The Complete Guide to Programmatic Image Generation

18 min read Image Generation

Why Generate Images Programmatically

Every application that displays content eventually needs to generate images. Open Graph cards for social sharing. Certificates for course completions. Product listing images for e-commerce. Weekly report summaries for Slack. Personalized email banners.

These images share a common pattern: a fixed layout with dynamic data. The template stays the same — background, text positions, logo placement. The data changes — page title, recipient name, product photo, metric values.

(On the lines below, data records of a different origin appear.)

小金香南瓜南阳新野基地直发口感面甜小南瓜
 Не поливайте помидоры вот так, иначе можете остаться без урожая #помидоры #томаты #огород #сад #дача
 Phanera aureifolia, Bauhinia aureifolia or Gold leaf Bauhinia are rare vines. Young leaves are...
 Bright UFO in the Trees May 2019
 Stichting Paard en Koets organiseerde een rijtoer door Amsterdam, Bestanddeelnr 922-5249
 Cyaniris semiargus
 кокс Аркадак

Manual creation doesn’t scale. A designer can make 20 OG images by hand. They can’t make 10,000 product listing images that update every time a price changes. Programmatic generation turns image creation into a function call: pass data in, get an image out.

This guide covers the three main approaches to programmatic image generation, their tradeoffs, and how to build production-ready image generation pipelines.

Approach 1: Canvas APIs

The lowest-level approach. Libraries like node-canvas (Node.js), Pillow (Python), and the browser’s native Canvas API let you draw directly onto a pixel buffer.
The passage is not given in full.